UPPER WEST SIDE — A plan to convert a century-old church on Central Park West into condos was rejected Tuesday by the Landmarks Preservation Commission, which pushed for the project architect to retain its original stained-glass windows.
The proposed design would have added 42 new windows to the landmarked stone building at 361 Central Park West, at West 96th Street, removed stained-glass windows and extended the height of the roof by 3 feet and 10 inches — changes the commission asked the architects to revise before it could lend its approval.
"The applicant can go back to the drawing board and do a better job," concluded Commissioner Christopher Moore.
Other commissioners, including LPC chairowman Meenakshi Srinivasan, were especially uncomfortable with changes to the front of the church, which faces Central Park West. They worried about the proposed removal of defining features like its large stained-glass window and new windows breaking up its solid appearance.
Moreover, the stained-glass windows could actually serve as a draw for condo buyers, they argued.
"There’s a desire to live in the city in all of its character… there would be an interest in living in non-conventional spaces," said Commissioner Adi Shamir-Baron, pushing for the stained-glass windows to remain.
Residents and landmarks advocates railed against the removal of the historic windows, which are original to the building.
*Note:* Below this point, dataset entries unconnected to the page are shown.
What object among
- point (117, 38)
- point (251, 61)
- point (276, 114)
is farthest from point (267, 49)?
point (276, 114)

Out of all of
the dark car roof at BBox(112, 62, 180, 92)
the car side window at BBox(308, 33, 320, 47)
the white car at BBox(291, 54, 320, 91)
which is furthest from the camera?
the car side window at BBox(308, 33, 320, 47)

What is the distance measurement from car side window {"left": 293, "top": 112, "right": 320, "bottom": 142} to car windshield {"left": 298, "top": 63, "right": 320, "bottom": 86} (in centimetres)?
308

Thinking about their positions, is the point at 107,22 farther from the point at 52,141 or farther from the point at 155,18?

The proposal by Li Saltzman Architects and GKV Architects represented "a cruel treatment” of the landmark, testified Kelly Caroll of the Historic Districts Council.
Max Yeston, representing the group Landmarks West, described the long windows the architects proposed adding to the south side as "a cold modernist intrusion that would be more appropriate for Lincoln Center."
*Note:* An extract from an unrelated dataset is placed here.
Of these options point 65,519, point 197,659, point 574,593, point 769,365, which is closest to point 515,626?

Local resident Susan Brody described the long windows as "vertical gashes."
Earlier this month, Community Board 7 voted to approve the design plans, acknowledging that the conversion to condos was one way to preserve the building and stave off decay.
Commissioner Srinivasan shared that sentiment, observing Tuesday that "part of saving these buildings is that there are going to be some functional usage changes that can’t be avoided."
The developer needs approval from the city's Board of Standards and Appeals in addition to the Landmarks Preservation Commission to proceed.